There have been 11 school shootings in 2018 alone, reported The New York Times, January 23, 2018. Did you know that? Eleven school shootings in 23 days. That's one every other day. Yesterday, a 16-year old in Kentucky killed 2, and left 17 seriously injured. Five are in critical condition. These are not soldiers on a battlefield far away. These are kids in our schools. It was in the news, but did you pay attention? How many of you noticed it and then thought to yourself, "God, another school shooting," and then went on with your day, without another thought about the death of two more kids?

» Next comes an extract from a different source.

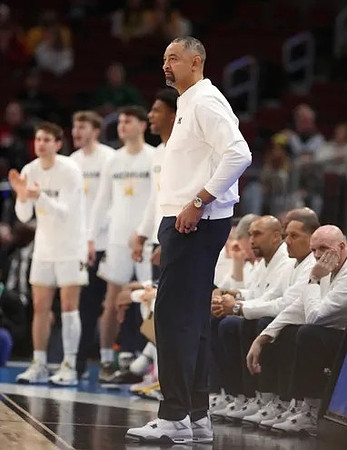Juwan Howard and Michigan Team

“I think we’ve become somewhat desensitized to the fact that these things happened,” said William Modzelewski, a former consultant to the U.S. Department of Education’s Office of Safe and Drug-Free Schools, “and it takes a thing like Sandy hook to bring us back to our senses. My fear is that if you don’t hear about school shootings for a while, educators move on to other things. [Everyone's] very busy.”

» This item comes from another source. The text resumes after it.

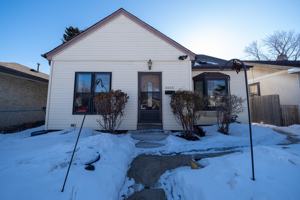 featured image of 6045 3rd Ave S #1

"Apathy can sometimes set in when there are so many incidents, but one shooting is too many."
--Dr. Bindu Kalesan, Boston University School of Medicine
Even worse, the shootings keep happening, and the news keep failing to report them...all of them. Of course, we’re going to forget. Of course, we’re going to move on. We have become desensitized, yes. But we have also been lulled into a false sense of security. Nothing has changed. In fact, things have only gotten worse. But how much do we care? Do we really need another Sandy Hook to wake us up…again?
"We have absolutely become numb to these kinds of shootings, and I think that will continue."
--former FBI official Katherine Schweit, after the 2nd school shooting in the 3rd week of January, 2018
*Statistics from Everytown for Gun Safety, Moms Demand Action for Gun Sense in America, and Wikipedia.